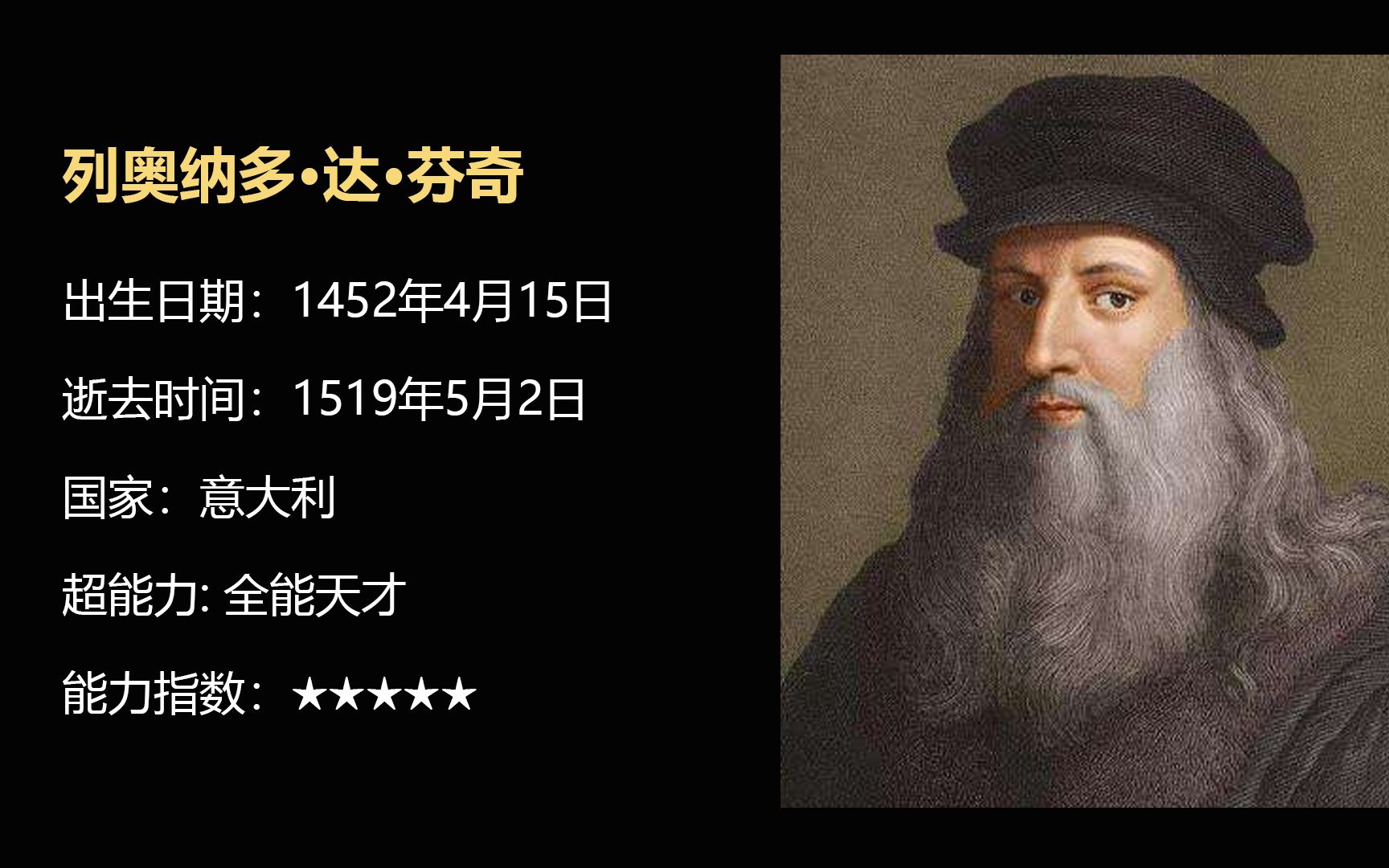 [图]达芬奇为什么被称为人类史上的全能天才？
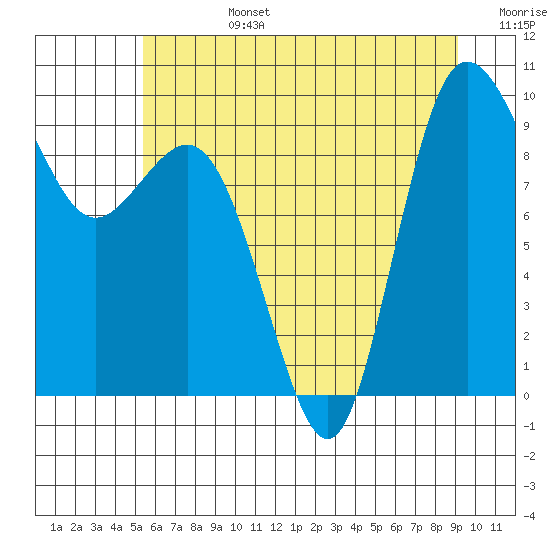 Tide chart for Yokeko Point, Dewey on 2025/07/14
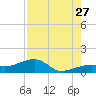 Big Spanish Channel tide chart for Thursday, July 27, 2023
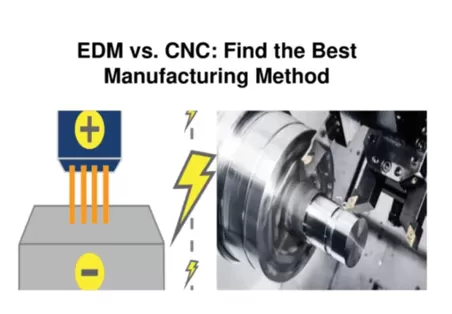 EDM vs. CNC: Find the Best Manufacturing Method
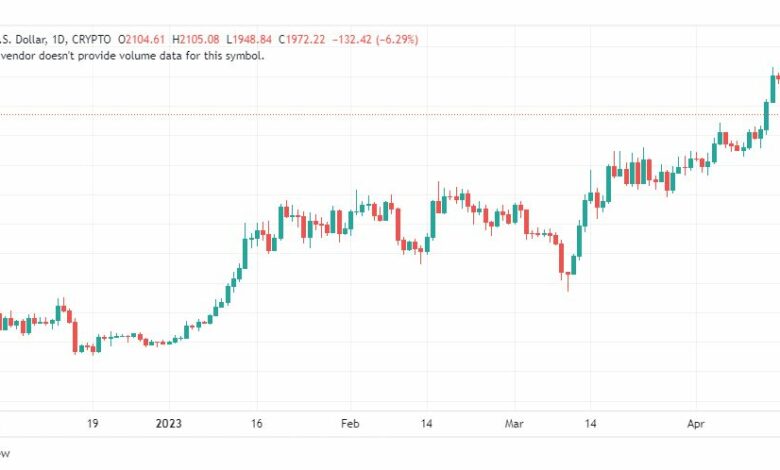 تحليل الاثيريوم دولار-ETHUSD-20-4-2023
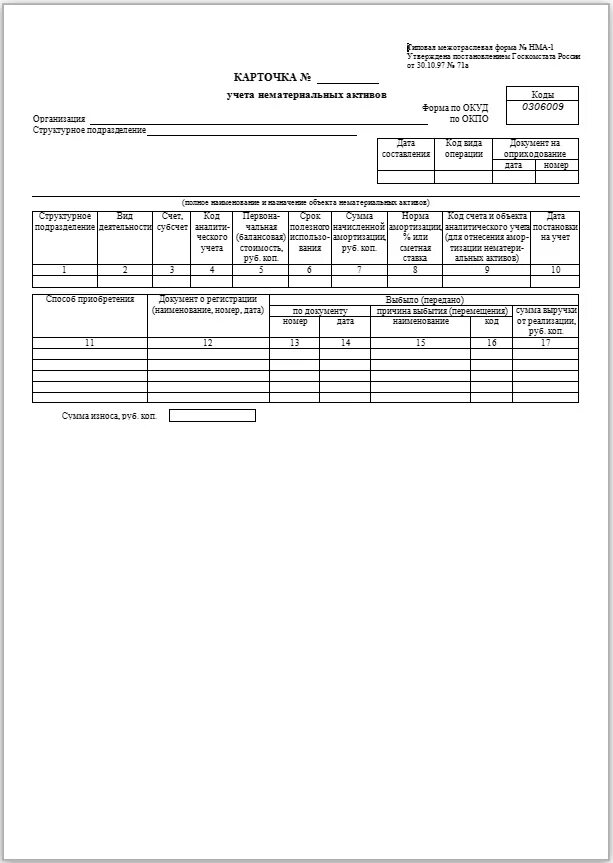 Акт выбытия малоценных и быстроизнашивающихся предметов МБ-4. Акт выбытия форма МБ-4. Карточка учета нематериальных активов форма НМА-1. Карточка учета малоценных основных средств.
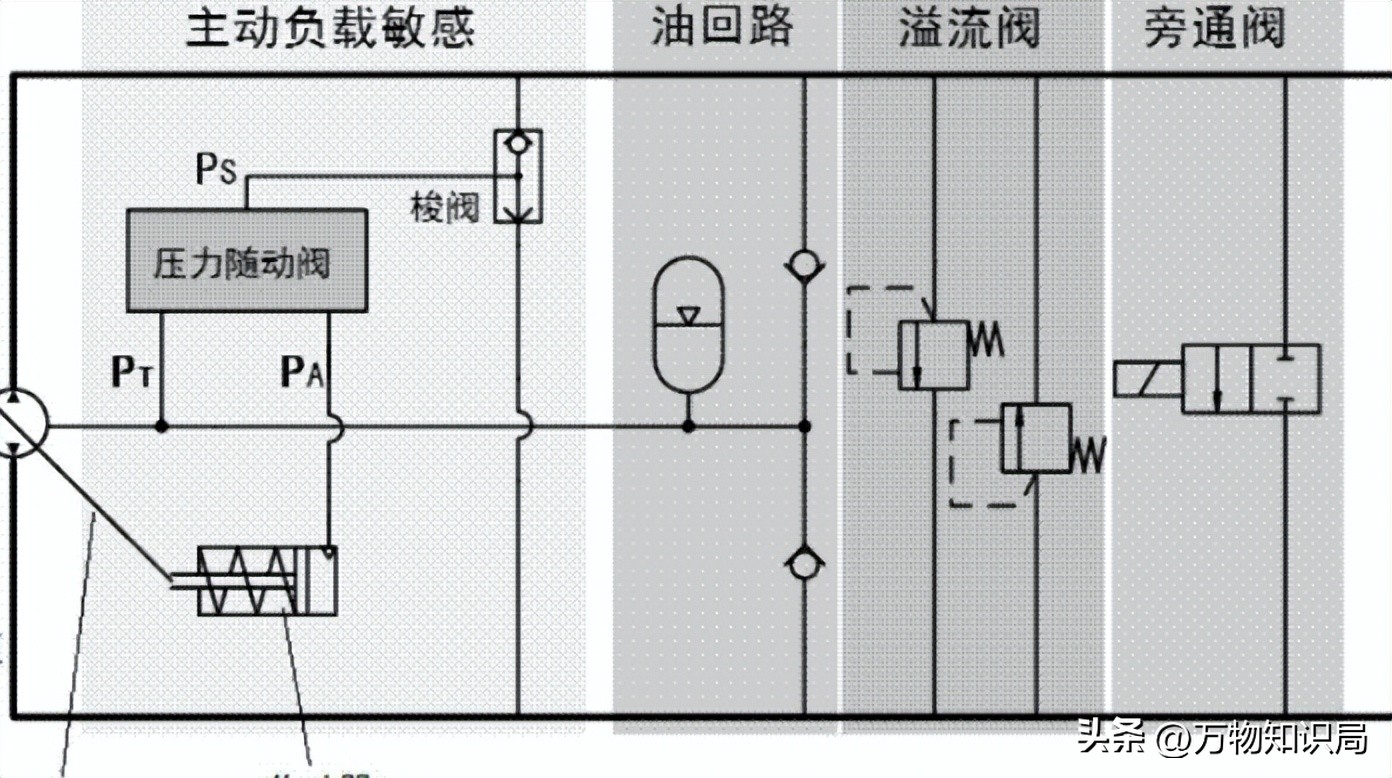 在能源领域，变转速负载敏感进出*技口**术如何用电压对转速精准控制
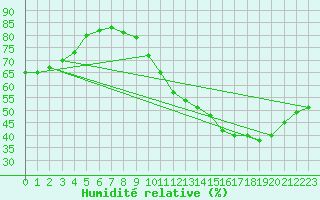 Courbe de l'humidit relative pour Paris Saint-Germain-des-Prs (75)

• • • • •

* _PROBLEM TO SOLVE_:
Find the line that contains "EDM vs. CNC: Find". Reproduce it and every later line of the records exactly, minus the pictures.

* _RESULT OF THIS EXERCISE_:
 EDM vs. CNC: Find the Best Manufacturing Method
 تحليل الاثيريوم دولار-ETHUSD-20-4-2023
 Акт выбытия малоценных и быстроизнашивающихся предметов МБ-4. Акт выбытия форма МБ-4. Карточка учета нематериальных активов форма НМА-1. Карточка учета малоценных основных средств.
 在能源领域，变转速负载敏感进出*技口**术如何用电压对转速精准控制
 Courbe de l'humidit relative pour Paris Saint-Germain-des-Prs (75)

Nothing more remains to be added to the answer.